PROBLEM:
Would you please output, word for word, the span of the listing below that opens on the line containing "米ロサンゼルス近郊で山火事、7800人超避難" and closes on the line containing "Photo of property"? Include both ends and nothing more.

=======

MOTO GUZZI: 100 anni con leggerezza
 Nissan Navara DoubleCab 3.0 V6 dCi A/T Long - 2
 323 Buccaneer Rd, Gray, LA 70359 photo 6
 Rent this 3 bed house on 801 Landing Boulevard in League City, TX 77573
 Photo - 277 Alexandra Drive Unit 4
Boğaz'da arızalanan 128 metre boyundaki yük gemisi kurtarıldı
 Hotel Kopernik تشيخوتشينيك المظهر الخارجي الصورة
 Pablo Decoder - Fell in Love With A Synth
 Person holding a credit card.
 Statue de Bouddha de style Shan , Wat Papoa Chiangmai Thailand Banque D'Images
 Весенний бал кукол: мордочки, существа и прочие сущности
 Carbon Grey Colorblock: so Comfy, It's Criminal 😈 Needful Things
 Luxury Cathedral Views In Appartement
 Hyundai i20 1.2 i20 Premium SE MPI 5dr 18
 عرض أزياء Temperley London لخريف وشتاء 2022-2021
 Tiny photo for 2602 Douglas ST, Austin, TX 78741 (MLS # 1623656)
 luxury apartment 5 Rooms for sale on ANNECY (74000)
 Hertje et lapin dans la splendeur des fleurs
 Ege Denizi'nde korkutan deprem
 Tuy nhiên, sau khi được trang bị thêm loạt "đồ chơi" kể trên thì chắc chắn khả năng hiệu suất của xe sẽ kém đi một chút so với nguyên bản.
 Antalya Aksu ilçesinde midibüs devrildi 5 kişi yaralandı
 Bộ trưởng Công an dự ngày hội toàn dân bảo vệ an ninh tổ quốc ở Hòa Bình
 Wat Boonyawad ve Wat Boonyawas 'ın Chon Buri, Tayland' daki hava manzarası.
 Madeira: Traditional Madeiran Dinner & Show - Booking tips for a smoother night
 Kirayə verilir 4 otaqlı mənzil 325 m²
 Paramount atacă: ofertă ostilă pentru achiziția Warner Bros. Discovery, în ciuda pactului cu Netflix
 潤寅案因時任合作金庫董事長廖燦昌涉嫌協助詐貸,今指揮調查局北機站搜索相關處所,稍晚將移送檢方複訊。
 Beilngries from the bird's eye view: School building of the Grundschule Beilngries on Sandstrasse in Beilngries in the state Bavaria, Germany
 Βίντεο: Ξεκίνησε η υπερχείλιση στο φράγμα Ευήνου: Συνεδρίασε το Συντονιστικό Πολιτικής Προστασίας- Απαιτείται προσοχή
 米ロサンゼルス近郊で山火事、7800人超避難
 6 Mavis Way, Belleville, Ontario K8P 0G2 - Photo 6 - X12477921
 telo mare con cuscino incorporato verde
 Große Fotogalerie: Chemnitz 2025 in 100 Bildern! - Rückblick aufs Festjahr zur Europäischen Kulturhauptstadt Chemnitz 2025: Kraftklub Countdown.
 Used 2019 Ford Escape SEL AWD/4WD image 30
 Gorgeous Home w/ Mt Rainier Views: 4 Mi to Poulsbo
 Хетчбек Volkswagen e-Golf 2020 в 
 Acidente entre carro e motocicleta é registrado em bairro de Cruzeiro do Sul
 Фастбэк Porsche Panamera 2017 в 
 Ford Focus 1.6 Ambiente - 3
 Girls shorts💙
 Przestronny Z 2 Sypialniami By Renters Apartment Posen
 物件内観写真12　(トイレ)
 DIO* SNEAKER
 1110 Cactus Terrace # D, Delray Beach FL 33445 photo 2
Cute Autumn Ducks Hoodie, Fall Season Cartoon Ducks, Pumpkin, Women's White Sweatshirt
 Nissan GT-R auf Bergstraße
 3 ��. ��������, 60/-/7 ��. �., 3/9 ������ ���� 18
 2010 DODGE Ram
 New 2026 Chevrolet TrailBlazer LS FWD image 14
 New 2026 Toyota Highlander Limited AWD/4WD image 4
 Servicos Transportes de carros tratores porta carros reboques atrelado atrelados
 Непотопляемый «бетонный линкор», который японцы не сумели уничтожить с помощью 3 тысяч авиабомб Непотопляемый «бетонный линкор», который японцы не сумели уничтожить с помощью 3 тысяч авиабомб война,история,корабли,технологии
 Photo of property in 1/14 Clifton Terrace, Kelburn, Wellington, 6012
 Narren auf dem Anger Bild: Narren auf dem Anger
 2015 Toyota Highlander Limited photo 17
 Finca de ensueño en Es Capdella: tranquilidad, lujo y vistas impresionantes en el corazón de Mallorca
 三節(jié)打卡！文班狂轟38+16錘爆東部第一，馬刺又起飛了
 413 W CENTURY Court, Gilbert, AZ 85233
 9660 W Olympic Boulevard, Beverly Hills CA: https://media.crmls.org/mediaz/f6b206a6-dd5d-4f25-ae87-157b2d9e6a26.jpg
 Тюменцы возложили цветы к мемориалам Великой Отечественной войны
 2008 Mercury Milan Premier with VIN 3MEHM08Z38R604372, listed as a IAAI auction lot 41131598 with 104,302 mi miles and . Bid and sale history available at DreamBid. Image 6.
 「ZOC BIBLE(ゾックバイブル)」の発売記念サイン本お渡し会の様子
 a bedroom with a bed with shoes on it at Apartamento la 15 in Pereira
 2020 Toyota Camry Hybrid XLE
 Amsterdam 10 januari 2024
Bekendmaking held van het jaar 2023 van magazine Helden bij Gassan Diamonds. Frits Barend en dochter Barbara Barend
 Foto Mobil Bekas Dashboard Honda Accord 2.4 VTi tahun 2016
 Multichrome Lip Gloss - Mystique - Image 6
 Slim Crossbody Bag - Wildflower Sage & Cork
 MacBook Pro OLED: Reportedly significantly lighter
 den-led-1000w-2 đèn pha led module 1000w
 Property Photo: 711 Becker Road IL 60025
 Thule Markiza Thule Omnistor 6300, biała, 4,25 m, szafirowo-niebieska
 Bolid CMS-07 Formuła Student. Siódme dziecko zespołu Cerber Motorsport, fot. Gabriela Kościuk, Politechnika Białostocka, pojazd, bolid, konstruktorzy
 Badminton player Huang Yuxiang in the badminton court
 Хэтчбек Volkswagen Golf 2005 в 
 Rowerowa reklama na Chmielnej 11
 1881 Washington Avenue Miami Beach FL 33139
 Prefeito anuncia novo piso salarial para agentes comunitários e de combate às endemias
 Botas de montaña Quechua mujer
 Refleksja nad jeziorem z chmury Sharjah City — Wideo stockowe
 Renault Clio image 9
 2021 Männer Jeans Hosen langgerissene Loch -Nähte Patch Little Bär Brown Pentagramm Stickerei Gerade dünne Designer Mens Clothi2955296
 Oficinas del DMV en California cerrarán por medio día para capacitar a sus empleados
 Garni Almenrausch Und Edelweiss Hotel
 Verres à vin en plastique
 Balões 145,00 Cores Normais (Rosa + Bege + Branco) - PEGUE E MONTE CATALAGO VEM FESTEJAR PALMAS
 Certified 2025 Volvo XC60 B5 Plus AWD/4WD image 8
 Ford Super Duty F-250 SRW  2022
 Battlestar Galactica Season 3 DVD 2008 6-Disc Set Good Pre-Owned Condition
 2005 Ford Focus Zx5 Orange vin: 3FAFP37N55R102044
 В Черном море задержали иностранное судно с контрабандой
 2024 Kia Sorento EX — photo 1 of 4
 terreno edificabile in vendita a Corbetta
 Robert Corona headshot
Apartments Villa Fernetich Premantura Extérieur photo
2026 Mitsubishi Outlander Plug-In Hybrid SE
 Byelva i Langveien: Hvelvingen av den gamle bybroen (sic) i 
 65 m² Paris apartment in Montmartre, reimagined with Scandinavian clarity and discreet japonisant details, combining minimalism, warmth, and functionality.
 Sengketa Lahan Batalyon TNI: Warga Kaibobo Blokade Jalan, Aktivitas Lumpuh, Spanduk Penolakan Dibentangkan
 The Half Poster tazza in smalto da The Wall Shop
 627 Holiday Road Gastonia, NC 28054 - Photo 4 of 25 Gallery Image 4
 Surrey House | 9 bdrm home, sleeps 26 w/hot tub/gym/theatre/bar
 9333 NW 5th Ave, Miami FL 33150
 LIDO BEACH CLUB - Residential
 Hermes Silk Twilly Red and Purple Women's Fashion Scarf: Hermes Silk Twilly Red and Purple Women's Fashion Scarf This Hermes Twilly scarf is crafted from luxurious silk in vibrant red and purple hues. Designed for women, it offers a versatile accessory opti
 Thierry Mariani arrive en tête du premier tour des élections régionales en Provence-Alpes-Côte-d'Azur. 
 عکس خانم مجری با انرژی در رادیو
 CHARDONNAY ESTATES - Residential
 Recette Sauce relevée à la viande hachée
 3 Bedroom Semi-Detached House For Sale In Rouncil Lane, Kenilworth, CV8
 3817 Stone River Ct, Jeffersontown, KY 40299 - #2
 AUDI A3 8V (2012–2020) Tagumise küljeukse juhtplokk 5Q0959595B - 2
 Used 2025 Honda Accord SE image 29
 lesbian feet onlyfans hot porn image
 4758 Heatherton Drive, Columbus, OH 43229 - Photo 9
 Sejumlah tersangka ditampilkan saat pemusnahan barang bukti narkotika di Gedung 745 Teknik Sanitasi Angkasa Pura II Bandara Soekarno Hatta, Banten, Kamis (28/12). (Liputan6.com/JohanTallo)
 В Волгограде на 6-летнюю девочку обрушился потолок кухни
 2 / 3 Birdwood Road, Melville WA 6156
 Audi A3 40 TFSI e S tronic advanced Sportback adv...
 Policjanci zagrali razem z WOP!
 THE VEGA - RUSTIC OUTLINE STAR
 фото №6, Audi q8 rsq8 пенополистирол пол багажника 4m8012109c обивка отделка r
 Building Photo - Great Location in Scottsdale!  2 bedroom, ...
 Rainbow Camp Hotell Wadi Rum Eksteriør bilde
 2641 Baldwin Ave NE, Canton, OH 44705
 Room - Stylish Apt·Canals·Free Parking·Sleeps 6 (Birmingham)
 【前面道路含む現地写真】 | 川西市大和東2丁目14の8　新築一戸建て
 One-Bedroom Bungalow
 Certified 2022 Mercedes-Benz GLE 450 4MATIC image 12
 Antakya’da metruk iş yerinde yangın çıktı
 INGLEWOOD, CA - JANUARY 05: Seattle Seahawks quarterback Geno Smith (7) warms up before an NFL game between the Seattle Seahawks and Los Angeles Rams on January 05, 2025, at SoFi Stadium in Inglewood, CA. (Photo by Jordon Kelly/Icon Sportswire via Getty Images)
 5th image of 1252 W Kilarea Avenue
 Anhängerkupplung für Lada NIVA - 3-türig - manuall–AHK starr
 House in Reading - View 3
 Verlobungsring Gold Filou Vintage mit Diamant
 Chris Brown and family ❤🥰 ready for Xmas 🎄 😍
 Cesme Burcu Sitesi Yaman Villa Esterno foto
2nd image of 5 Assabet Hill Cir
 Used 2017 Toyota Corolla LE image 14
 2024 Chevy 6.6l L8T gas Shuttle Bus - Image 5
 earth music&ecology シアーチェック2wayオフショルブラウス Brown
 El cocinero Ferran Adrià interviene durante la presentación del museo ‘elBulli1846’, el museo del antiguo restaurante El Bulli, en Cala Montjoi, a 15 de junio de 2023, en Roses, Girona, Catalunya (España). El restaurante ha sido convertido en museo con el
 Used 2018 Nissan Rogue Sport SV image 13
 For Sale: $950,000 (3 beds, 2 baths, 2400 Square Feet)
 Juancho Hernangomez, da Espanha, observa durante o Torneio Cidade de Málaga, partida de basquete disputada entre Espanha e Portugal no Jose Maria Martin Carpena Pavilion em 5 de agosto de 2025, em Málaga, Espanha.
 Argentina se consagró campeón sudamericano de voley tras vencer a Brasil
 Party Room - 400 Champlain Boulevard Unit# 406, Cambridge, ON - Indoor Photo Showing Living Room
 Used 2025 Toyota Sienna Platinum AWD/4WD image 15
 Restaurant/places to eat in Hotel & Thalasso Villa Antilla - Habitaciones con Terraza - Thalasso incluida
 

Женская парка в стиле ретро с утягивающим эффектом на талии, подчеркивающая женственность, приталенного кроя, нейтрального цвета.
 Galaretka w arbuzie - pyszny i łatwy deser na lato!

=======

RESULT FOR THIS EXERCISE:
 米ロサンゼルス近郊で山火事、7800人超避難
 6 Mavis Way, Belleville, Ontario K8P 0G2 - Photo 6 - X12477921
 telo mare con cuscino incorporato verde
 Große Fotogalerie: Chemnitz 2025 in 100 Bildern! - Rückblick aufs Festjahr zur Europäischen Kulturhauptstadt Chemnitz 2025: Kraftklub Countdown.
 Used 2019 Ford Escape SEL AWD/4WD image 30
 Gorgeous Home w/ Mt Rainier Views: 4 Mi to Poulsbo
 Хетчбек Volkswagen e-Golf 2020 в 
 Acidente entre carro e motocicleta é registrado em bairro de Cruzeiro do Sul
 Фастбэк Porsche Panamera 2017 в 
 Ford Focus 1.6 Ambiente - 3
 Girls shorts💙
 Przestronny Z 2 Sypialniami By Renters Apartment Posen
 物件内観写真12　(トイレ)
 DIO* SNEAKER
 1110 Cactus Terrace # D, Delray Beach FL 33445 photo 2
Cute Autumn Ducks Hoodie, Fall Season Cartoon Ducks, Pumpkin, Women's White Sweatshirt
 Nissan GT-R auf Bergstraße
 3 ��. ��������, 60/-/7 ��. �., 3/9 ������ ���� 18
 2010 DODGE Ram
 New 2026 Chevrolet TrailBlazer LS FWD image 14
 New 2026 Toyota Highlander Limited AWD/4WD image 4
 Servicos Transportes de carros tratores porta carros reboques atrelado atrelados
 Непотопляемый «бетонный линкор», который японцы не сумели уничтожить с помощью 3 тысяч авиабомб Непотопляемый «бетонный линкор», который японцы не сумели уничтожить с помощью 3 тысяч авиабомб война,история,корабли,технологии
 Photo of property in 1/14 Clifton Terrace, Kelburn, Wellington, 6012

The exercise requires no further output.